TO OREGONIANS: THIS POST IS TONGUE-IN-CHEEK AND UTILIZES HYPERBOLE TO DESCRIBE YOUR FAIR STATE. DON’T TAKE IT PERSONALLY.
NEW ENGLANDERS: [WHISPERED TO ONE SIDE] BUT IT IS MOSTLY TRUE.
People in Oregon are crazy. I mean, they are crazy.
We spent two weeks in Corvallis, Oregon, with my grandfather and his wife Sandy. It was a great vacation, and it was awesome to get to know Sandy a little better. We enjoyed sitting in their living room, talking and teasing. Pap and Sandy were fantastic. Ariel had so much fun with them and misses them greatly. Nic and I miss them even more. It was a REALLY fantastic vacation.
But the people in Oregon are crazy.
Let me begin with their roads. There are two roads that run through Corvallis called 99W and 99E. Both of them are at times divided highways, and they run north and south. As if this weren’t befuddling enough, they intersect sometimes. In Portland, near the airport, there are these random flower boxes right in the middles of streets. They serve no purpose other than making you turn a little to the right and then left again on streets with no traffic. And then there is 80th Avenue, which has EXITS and is a four-land, divided highway. Even our GPS was confused by the way the streets work.
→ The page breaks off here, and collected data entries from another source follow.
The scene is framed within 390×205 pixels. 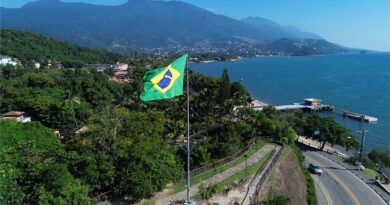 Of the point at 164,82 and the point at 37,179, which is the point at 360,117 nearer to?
the point at 164,82

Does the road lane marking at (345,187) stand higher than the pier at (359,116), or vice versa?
the road lane marking at (345,187)

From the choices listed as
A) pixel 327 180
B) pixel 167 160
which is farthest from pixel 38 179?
pixel 327 180

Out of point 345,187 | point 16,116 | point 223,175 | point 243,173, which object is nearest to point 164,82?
point 223,175

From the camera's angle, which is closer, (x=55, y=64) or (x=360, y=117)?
(x=360, y=117)

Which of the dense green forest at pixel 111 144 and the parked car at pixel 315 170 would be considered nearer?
the dense green forest at pixel 111 144

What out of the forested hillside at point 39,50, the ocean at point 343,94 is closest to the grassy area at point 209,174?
the ocean at point 343,94

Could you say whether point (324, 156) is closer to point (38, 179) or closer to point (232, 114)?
point (232, 114)

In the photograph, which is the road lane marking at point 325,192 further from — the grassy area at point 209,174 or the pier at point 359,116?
the pier at point 359,116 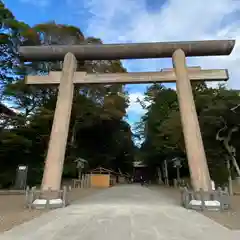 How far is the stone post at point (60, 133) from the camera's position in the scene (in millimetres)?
11852

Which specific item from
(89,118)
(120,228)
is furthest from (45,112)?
(120,228)

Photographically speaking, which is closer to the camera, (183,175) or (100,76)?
(100,76)

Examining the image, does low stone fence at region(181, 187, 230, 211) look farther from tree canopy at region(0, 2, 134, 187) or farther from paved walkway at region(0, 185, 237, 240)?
tree canopy at region(0, 2, 134, 187)

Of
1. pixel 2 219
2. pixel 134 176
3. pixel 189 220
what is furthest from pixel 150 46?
pixel 134 176

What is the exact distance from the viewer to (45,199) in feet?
36.7

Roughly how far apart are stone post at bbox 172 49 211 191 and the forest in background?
24.8ft

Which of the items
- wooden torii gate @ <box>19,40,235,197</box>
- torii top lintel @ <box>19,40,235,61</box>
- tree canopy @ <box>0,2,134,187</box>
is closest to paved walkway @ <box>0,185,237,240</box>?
wooden torii gate @ <box>19,40,235,197</box>

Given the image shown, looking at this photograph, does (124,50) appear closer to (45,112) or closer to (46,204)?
(46,204)

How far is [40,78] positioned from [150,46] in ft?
18.1

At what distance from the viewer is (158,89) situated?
1604 inches

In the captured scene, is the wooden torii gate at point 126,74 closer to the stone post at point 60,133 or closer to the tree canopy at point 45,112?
the stone post at point 60,133

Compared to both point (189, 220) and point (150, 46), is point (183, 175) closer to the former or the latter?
point (150, 46)

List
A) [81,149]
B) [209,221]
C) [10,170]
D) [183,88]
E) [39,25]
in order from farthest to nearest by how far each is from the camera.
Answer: [81,149], [39,25], [10,170], [183,88], [209,221]

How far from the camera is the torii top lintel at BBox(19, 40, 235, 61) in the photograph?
14023mm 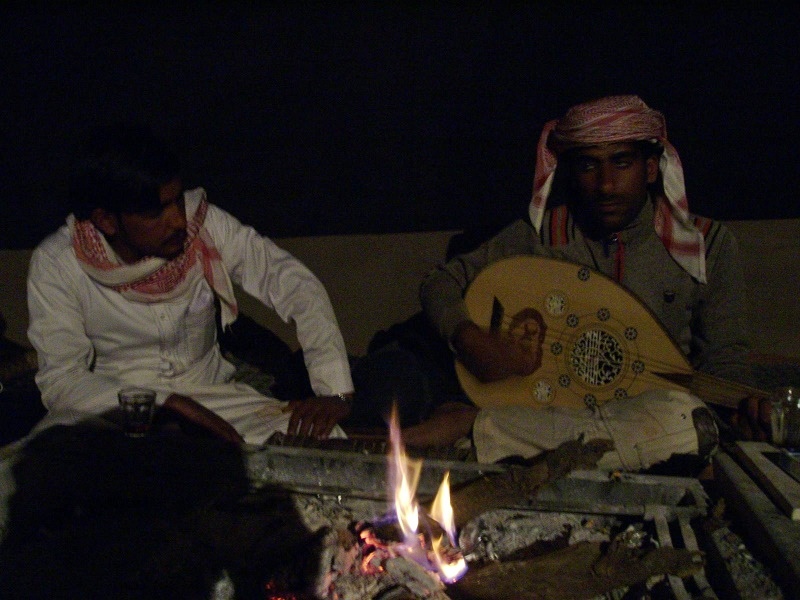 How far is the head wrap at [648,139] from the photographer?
3.76m

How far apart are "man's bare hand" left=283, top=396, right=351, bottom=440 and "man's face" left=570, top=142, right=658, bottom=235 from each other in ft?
4.49

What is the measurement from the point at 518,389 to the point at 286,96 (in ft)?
8.32

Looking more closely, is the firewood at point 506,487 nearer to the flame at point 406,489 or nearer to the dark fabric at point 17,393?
the flame at point 406,489

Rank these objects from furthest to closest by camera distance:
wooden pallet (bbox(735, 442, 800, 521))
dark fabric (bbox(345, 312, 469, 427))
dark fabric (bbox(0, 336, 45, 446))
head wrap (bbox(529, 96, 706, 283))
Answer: dark fabric (bbox(0, 336, 45, 446)) → dark fabric (bbox(345, 312, 469, 427)) → head wrap (bbox(529, 96, 706, 283)) → wooden pallet (bbox(735, 442, 800, 521))

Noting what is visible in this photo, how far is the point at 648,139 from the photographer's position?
12.5ft

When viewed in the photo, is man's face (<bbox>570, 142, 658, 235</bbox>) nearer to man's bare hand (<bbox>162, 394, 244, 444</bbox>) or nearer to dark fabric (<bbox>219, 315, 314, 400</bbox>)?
man's bare hand (<bbox>162, 394, 244, 444</bbox>)

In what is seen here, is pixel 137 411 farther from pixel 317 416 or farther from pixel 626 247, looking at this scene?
pixel 626 247

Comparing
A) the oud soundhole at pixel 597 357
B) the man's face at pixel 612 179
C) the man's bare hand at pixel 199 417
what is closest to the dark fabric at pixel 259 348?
the man's bare hand at pixel 199 417

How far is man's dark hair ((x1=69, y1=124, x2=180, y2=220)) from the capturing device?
3.34 m

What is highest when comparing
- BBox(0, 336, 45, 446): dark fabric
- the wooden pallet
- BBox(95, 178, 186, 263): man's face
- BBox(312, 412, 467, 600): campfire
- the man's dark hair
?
the man's dark hair

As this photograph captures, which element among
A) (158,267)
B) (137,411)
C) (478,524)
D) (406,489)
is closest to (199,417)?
(137,411)

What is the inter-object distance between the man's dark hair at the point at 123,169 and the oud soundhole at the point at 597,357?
1.85m

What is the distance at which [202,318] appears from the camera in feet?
12.6

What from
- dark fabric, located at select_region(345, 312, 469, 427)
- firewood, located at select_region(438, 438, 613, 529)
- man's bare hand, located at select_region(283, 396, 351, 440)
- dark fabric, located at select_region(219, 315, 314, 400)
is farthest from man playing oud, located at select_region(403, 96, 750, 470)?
dark fabric, located at select_region(219, 315, 314, 400) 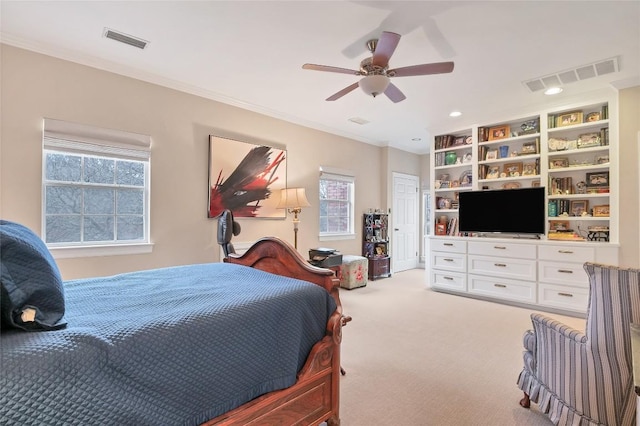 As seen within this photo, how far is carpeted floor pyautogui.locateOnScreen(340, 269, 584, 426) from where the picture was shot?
1.86 meters

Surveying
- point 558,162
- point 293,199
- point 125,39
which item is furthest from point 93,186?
point 558,162

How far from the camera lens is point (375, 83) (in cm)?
263

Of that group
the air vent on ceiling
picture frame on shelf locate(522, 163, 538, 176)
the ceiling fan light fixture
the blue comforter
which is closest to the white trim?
the air vent on ceiling

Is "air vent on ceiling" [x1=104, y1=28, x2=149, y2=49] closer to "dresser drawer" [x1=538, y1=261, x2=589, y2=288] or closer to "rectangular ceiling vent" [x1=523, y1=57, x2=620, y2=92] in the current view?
"rectangular ceiling vent" [x1=523, y1=57, x2=620, y2=92]

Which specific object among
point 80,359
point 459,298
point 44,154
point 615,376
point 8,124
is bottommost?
point 459,298

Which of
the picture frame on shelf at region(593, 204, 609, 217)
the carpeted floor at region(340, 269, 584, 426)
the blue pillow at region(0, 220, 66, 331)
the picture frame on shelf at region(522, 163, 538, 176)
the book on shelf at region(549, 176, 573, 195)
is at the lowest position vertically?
the carpeted floor at region(340, 269, 584, 426)

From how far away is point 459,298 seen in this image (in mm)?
4559

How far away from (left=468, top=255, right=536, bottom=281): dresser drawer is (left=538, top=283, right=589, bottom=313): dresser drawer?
7.8 inches

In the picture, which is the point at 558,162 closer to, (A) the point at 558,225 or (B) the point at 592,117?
(B) the point at 592,117

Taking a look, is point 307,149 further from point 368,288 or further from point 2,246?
point 2,246

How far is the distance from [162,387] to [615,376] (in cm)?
204

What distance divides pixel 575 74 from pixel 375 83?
241 cm

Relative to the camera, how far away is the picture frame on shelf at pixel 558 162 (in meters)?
4.09

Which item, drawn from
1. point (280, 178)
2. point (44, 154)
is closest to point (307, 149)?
point (280, 178) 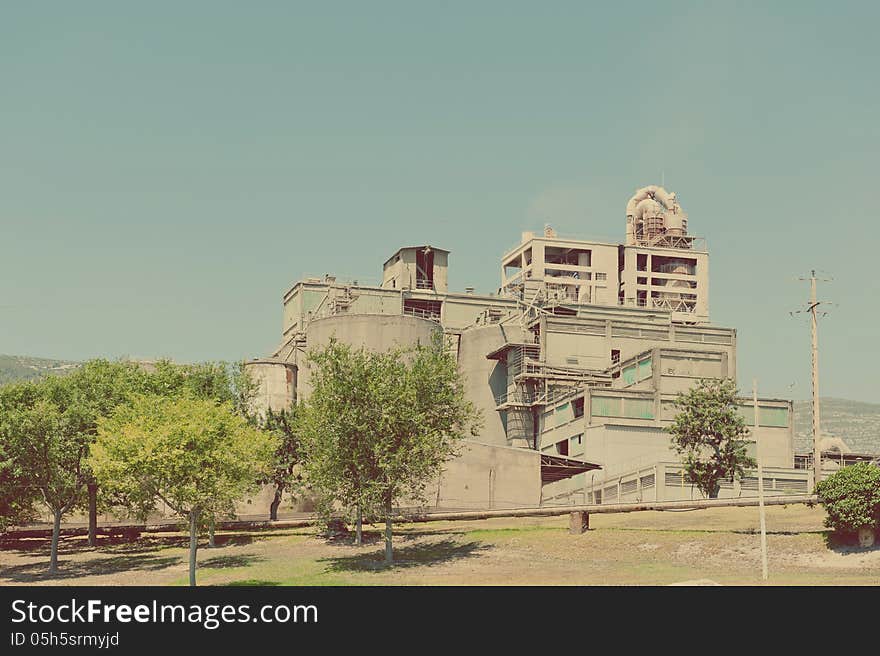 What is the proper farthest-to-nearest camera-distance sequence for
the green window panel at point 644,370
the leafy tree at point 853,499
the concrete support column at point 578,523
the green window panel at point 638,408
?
the green window panel at point 644,370
the green window panel at point 638,408
the concrete support column at point 578,523
the leafy tree at point 853,499

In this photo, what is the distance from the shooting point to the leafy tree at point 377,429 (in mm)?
66188

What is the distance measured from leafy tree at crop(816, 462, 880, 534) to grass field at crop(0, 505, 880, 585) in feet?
4.20

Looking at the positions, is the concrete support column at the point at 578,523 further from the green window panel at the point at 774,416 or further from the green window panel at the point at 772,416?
the green window panel at the point at 774,416

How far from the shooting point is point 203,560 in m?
72.0

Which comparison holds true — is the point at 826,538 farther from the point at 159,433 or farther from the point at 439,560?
the point at 159,433

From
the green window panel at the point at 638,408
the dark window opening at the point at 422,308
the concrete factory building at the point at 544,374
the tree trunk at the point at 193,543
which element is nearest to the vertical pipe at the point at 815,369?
the concrete factory building at the point at 544,374

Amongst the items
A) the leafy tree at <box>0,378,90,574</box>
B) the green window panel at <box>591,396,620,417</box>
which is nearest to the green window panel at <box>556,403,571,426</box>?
the green window panel at <box>591,396,620,417</box>

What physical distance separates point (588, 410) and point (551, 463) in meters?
10.7

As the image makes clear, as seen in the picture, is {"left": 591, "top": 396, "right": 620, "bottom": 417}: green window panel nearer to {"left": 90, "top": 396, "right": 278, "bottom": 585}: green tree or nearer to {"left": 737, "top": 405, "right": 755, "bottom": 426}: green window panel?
{"left": 737, "top": 405, "right": 755, "bottom": 426}: green window panel

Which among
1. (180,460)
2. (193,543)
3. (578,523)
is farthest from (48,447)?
(578,523)

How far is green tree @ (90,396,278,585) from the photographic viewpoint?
64.6 m

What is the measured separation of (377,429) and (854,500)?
26.0 m

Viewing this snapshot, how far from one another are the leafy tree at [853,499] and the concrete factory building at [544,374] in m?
21.9

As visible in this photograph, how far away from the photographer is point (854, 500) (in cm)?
5775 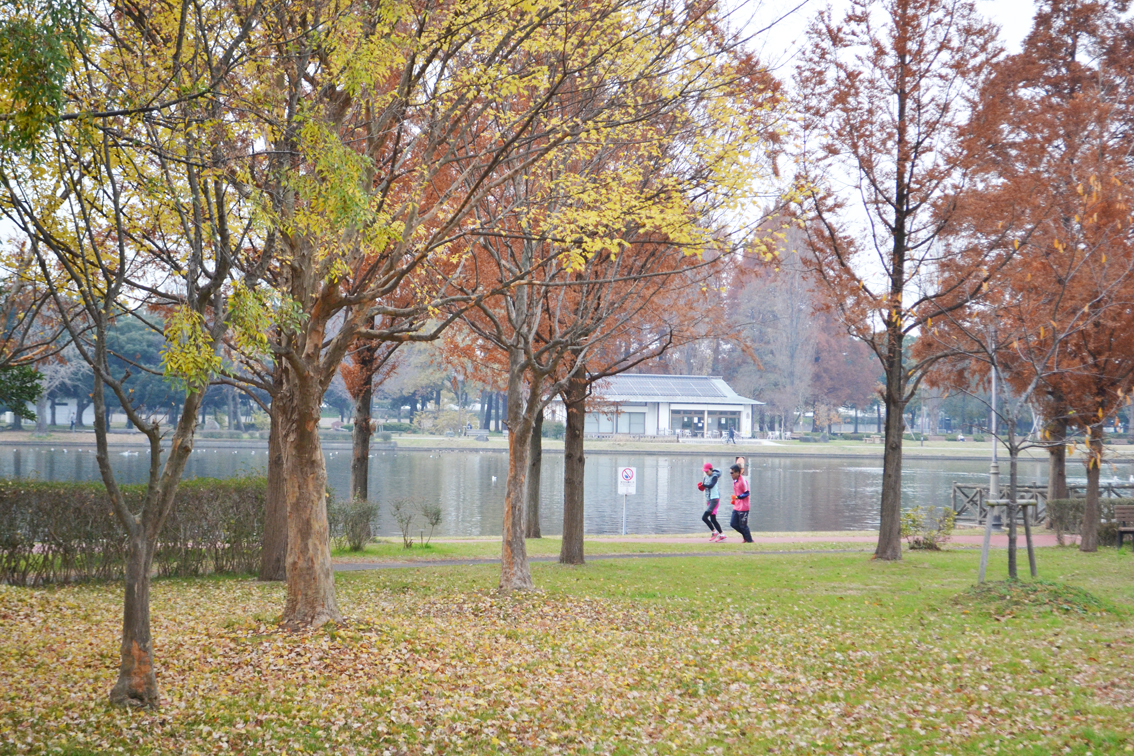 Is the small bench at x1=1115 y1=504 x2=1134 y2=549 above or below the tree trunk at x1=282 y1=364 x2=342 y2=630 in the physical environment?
below

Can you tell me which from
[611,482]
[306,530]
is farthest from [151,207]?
[611,482]

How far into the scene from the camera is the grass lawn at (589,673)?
17.2 ft

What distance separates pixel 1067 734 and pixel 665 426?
2602 inches

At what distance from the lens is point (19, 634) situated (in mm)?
7188

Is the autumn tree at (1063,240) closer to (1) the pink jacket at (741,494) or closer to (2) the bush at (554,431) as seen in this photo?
(1) the pink jacket at (741,494)

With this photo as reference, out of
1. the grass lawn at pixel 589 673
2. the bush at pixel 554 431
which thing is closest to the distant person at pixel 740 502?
the grass lawn at pixel 589 673

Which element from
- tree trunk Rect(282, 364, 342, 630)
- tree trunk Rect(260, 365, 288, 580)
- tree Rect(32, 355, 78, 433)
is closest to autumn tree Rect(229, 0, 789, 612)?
tree trunk Rect(282, 364, 342, 630)

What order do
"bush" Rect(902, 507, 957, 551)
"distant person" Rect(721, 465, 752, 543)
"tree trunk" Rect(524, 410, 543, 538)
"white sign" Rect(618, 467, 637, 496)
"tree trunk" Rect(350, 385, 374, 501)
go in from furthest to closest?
"white sign" Rect(618, 467, 637, 496)
"distant person" Rect(721, 465, 752, 543)
"tree trunk" Rect(524, 410, 543, 538)
"tree trunk" Rect(350, 385, 374, 501)
"bush" Rect(902, 507, 957, 551)

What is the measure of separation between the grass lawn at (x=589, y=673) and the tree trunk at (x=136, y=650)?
0.15 m

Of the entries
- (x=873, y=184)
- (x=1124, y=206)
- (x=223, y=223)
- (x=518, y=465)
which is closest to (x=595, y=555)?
(x=518, y=465)

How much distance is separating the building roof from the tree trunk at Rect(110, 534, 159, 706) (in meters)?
63.3

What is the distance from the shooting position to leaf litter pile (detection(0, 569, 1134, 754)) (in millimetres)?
5191

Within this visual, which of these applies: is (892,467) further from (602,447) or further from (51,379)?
(51,379)

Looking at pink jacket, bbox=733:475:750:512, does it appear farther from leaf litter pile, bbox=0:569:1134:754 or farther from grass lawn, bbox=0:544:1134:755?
leaf litter pile, bbox=0:569:1134:754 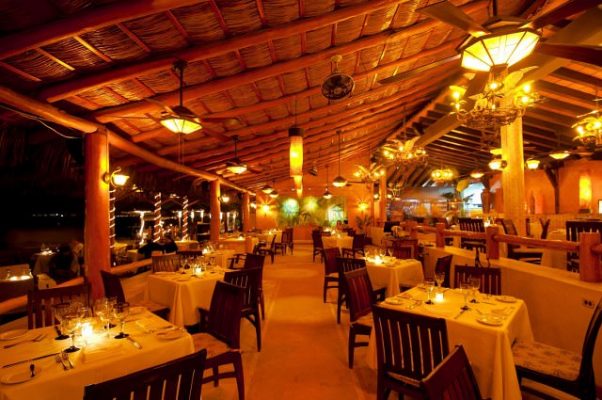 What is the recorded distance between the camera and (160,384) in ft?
5.37

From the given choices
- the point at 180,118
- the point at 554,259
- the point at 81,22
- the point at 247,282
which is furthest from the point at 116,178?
the point at 554,259

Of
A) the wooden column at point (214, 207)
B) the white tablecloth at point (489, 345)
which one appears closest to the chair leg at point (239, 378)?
the white tablecloth at point (489, 345)

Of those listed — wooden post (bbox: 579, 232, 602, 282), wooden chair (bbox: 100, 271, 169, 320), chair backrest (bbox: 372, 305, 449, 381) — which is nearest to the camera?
chair backrest (bbox: 372, 305, 449, 381)

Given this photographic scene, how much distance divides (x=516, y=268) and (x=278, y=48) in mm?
3929

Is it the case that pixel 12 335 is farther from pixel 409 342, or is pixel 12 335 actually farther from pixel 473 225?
pixel 473 225

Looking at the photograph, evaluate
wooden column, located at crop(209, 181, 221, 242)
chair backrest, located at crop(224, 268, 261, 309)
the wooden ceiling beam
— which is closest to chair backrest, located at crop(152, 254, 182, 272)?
chair backrest, located at crop(224, 268, 261, 309)

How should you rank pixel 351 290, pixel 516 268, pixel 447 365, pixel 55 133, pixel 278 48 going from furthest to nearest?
1. pixel 55 133
2. pixel 278 48
3. pixel 516 268
4. pixel 351 290
5. pixel 447 365

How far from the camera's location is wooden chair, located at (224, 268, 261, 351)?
409 centimetres

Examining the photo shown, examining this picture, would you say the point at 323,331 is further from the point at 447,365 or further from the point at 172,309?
the point at 447,365

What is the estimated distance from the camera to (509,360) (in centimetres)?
237

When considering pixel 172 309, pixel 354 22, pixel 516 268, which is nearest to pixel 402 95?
pixel 354 22

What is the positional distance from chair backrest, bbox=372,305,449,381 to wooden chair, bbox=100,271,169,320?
2.79 meters

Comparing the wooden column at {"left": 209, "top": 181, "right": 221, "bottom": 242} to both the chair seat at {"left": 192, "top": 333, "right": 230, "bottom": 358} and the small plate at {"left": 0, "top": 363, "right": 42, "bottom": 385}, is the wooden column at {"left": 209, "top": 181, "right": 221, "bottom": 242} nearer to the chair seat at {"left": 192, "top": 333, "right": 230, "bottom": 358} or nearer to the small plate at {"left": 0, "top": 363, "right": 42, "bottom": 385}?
the chair seat at {"left": 192, "top": 333, "right": 230, "bottom": 358}

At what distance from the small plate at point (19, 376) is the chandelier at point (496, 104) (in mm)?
4726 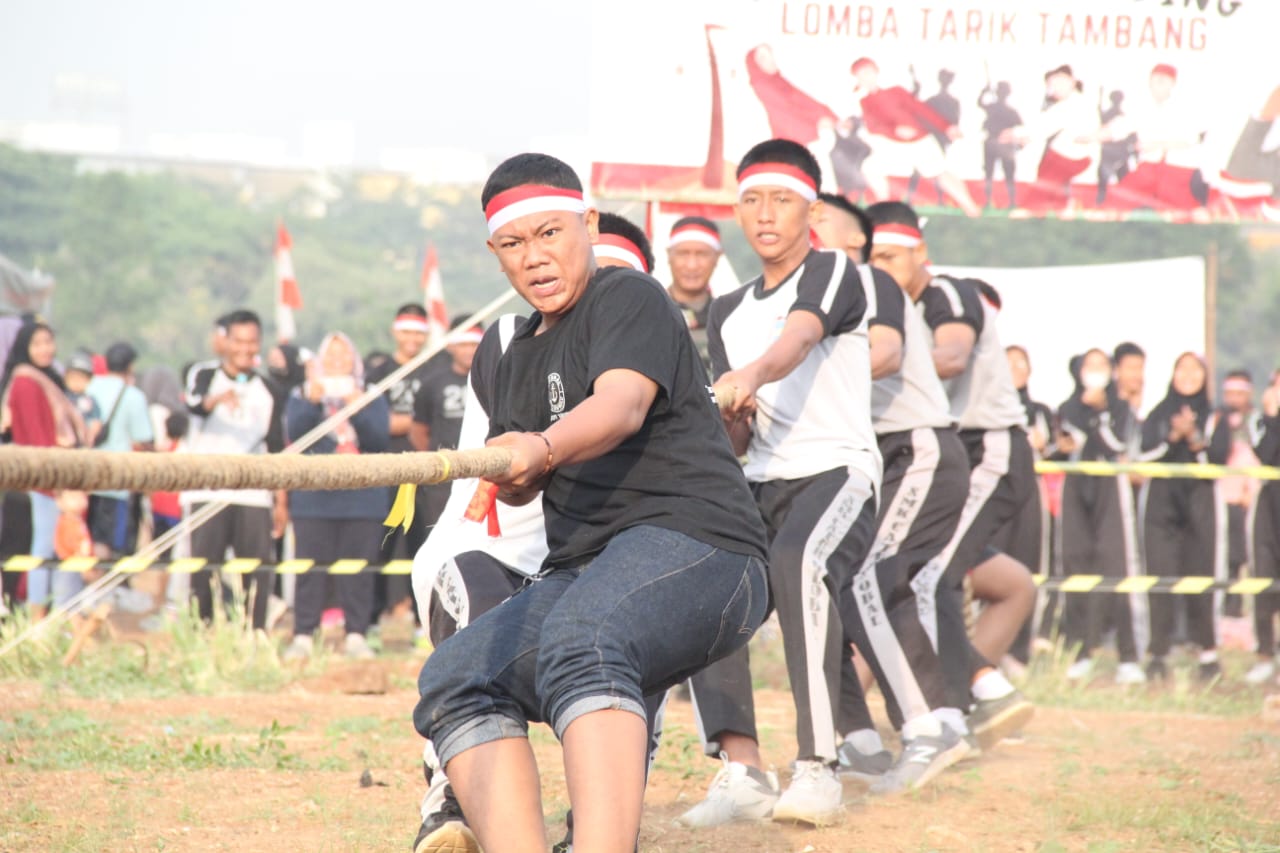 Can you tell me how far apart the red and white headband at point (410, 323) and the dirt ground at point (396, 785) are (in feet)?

Then there is the food. In Oregon, they don’t know how to make pizza or pasta. Don’t get me wrong. There are lots of places in the country without decent pizza, but usually there’s at least one place somewhere. We went to half a dozen places looking for decent pasta or pizza. What we got was Chef Boyardee or reheated store brand frozen pizza. (If you are ever in Newport, avoid the Cucina Pizza at ALL COSTS.)
And worst of all, NO DUNKIN’ DONUTS. This is an abomination of epic proportions! For some reason, DD just hasn’t caught on out there. There are next to no DD’s anywhere in the northwest. Starbucks is good coffee, but drinking it every day would turn your stomach inside out. There was nowhere to get a decent donut.
You think I am being unfair. At Subway, they had NO provolone or Swiss cheese. How do you have a Subway without CHEESE?
Third, Oregonians don’t know how to drive. There are two types of Oregonian drivers – the speed limit driver who stays in one lane and gets where he is going when he gets there. I don’t so much mind this person. The other is the reckless, rude and dangerous driver who shows no respect for anyone else in the road. He speeds. He brakes needlessly. He swerves across lanes of traffic. In New England we have rude drivers, no denying. But there was something just – I can’t find the word to describe it.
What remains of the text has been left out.